## Exercise
Each line from the one holding "Darren cleverly balances" through the end of the records should be returned exactly, while pictures are skipped.

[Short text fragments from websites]
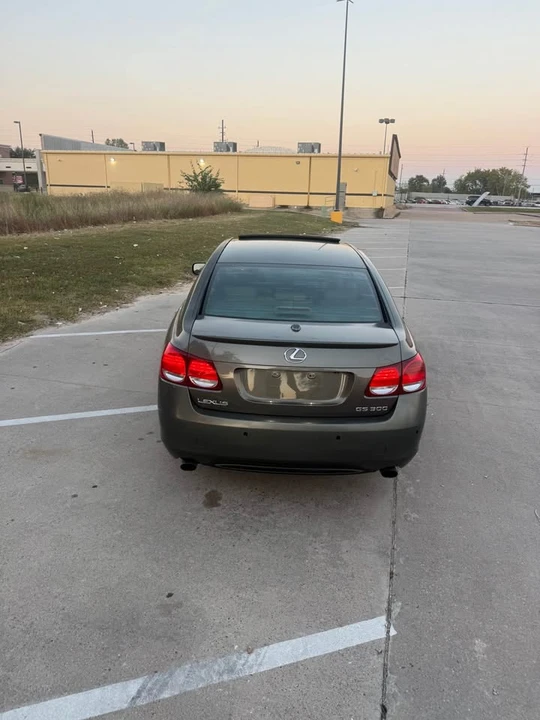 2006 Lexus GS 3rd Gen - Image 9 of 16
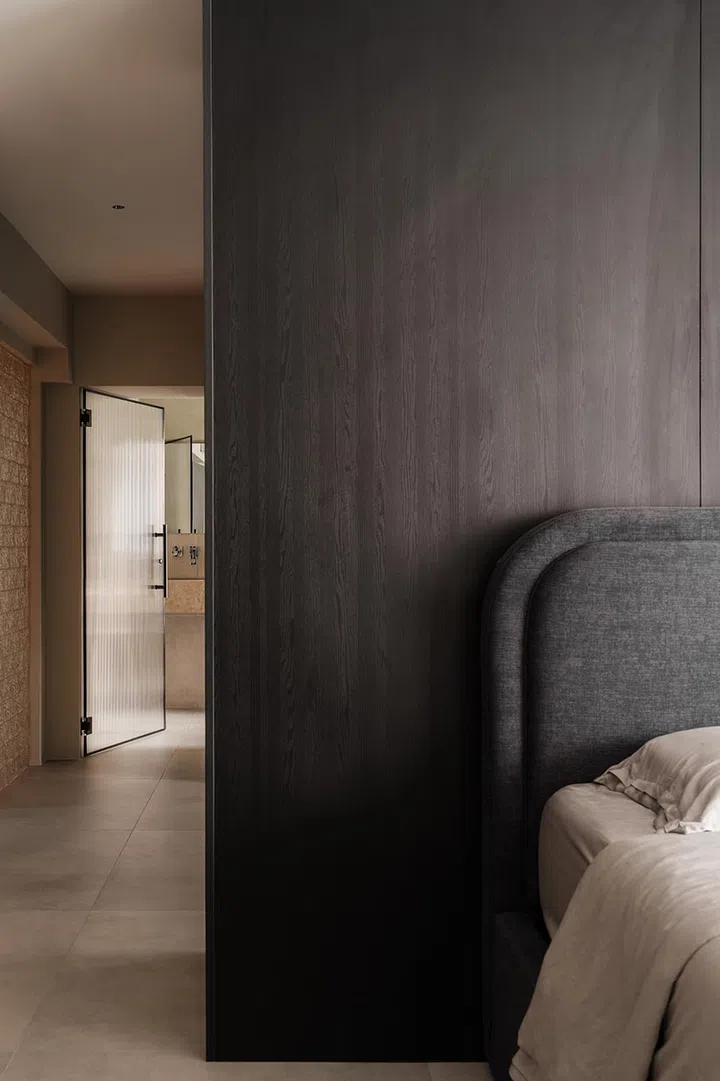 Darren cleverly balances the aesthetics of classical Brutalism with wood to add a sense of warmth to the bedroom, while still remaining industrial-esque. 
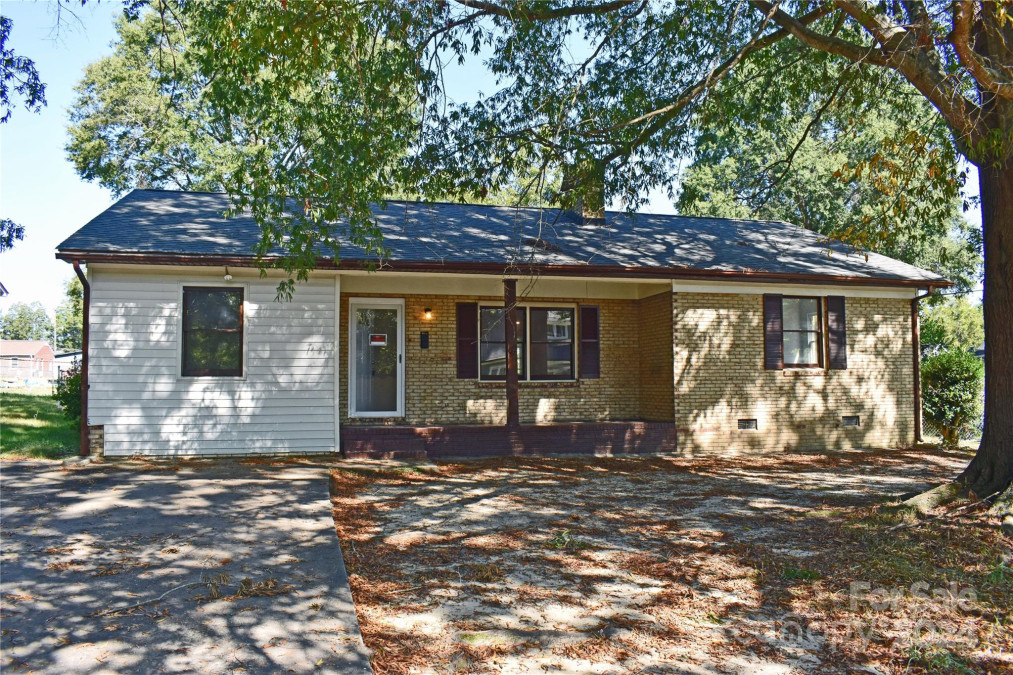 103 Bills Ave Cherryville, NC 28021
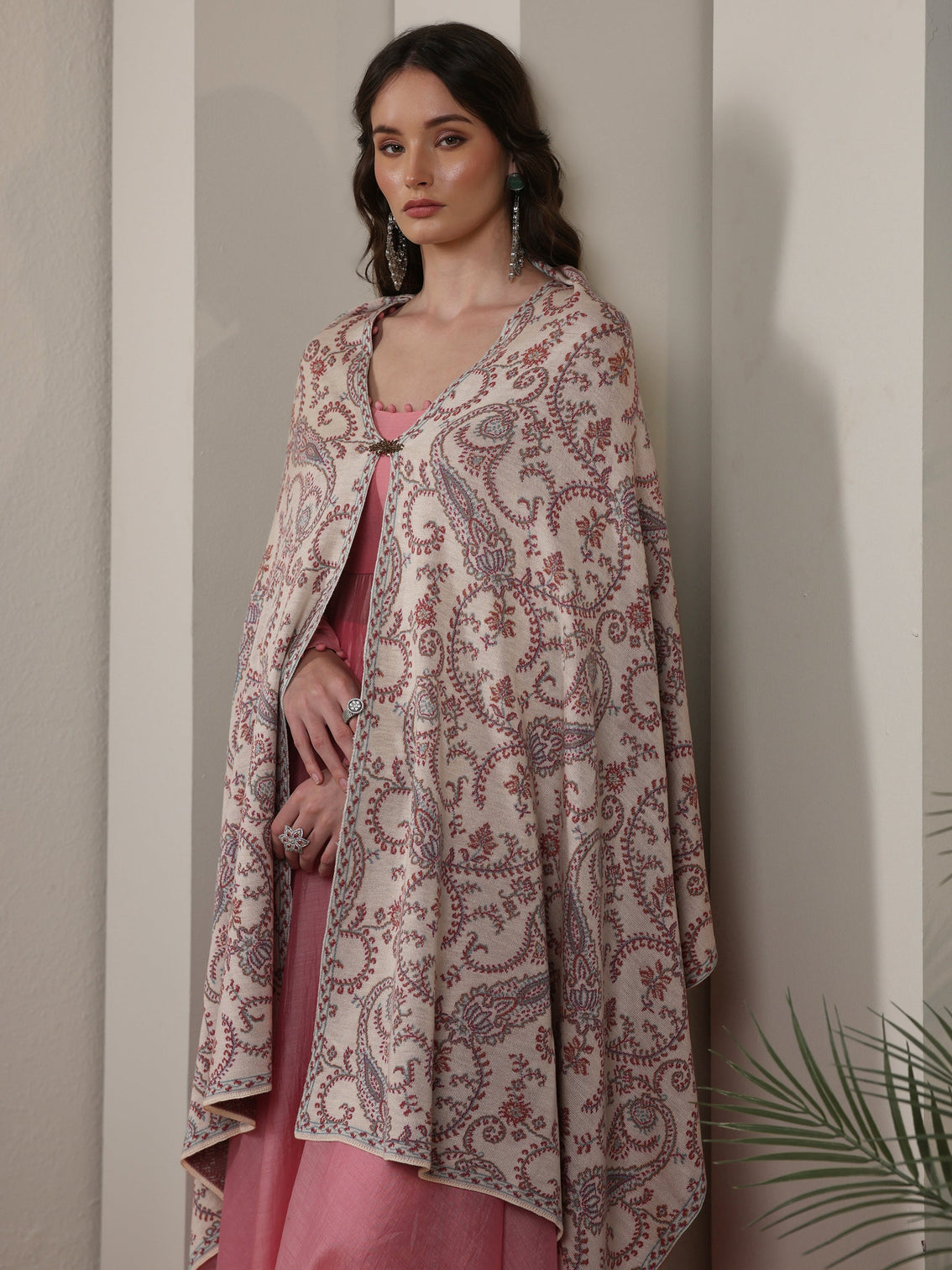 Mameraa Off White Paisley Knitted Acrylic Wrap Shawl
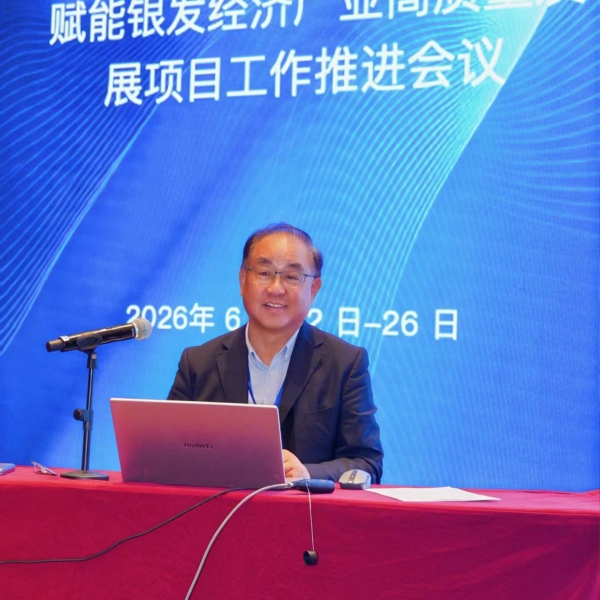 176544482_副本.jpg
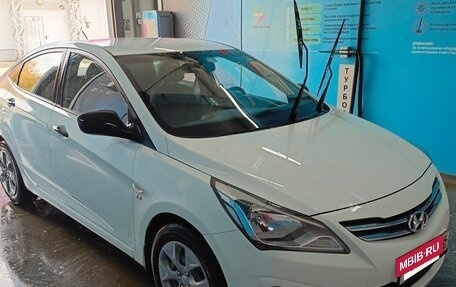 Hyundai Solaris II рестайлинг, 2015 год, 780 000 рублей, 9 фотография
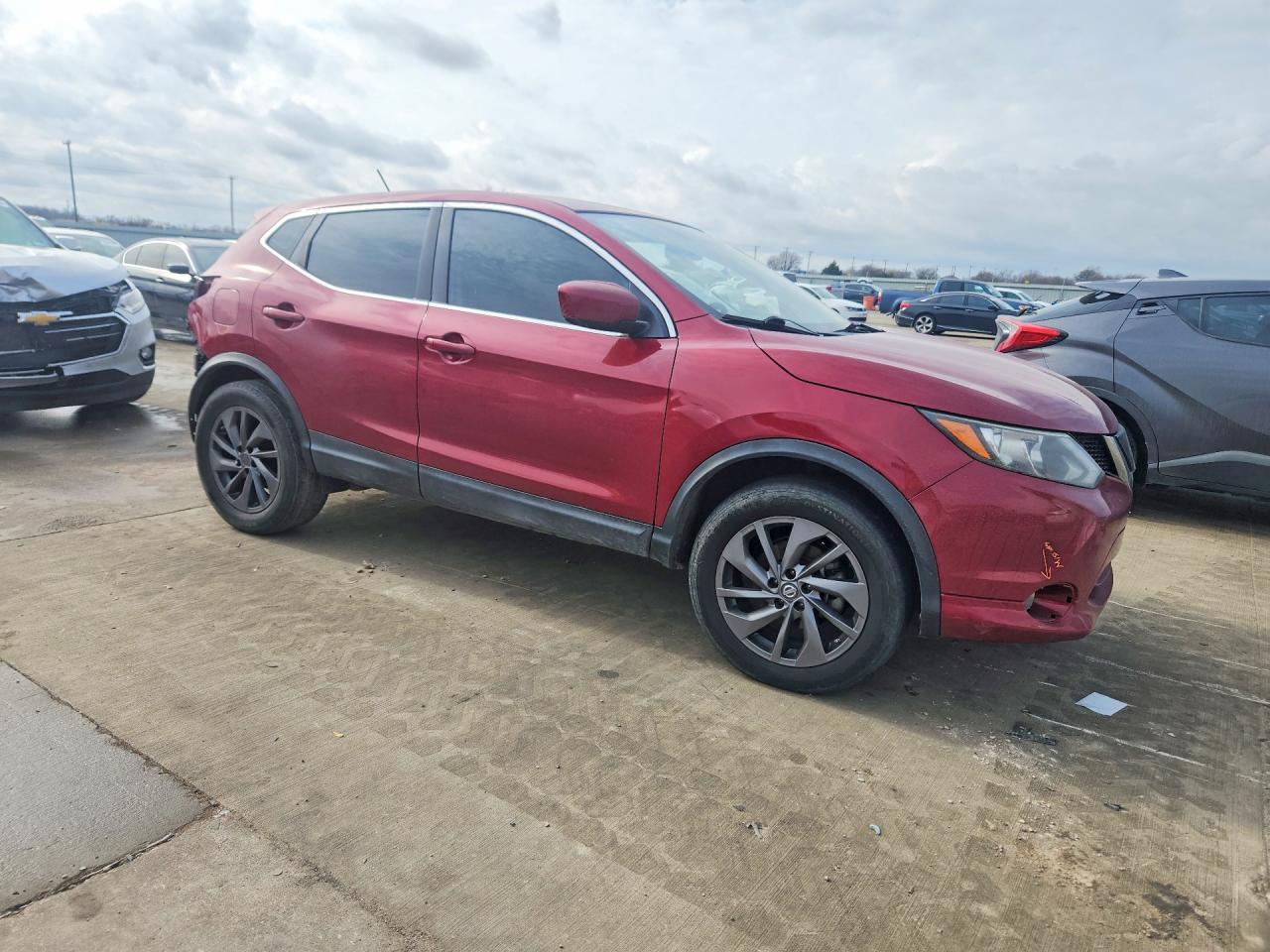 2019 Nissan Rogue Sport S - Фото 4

## Completed exercise
 Darren cleverly balances the aesthetics of classical Brutalism with wood to add a sense of warmth to the bedroom, while still remaining industrial-esque. 
 103 Bills Ave Cherryville, NC 28021
 Mameraa Off White Paisley Knitted Acrylic Wrap Shawl
 176544482_副本.jpg
 Hyundai Solaris II рестайлинг, 2015 год, 780 000 рублей, 9 фотография
 2019 Nissan Rogue Sport S - Фото 4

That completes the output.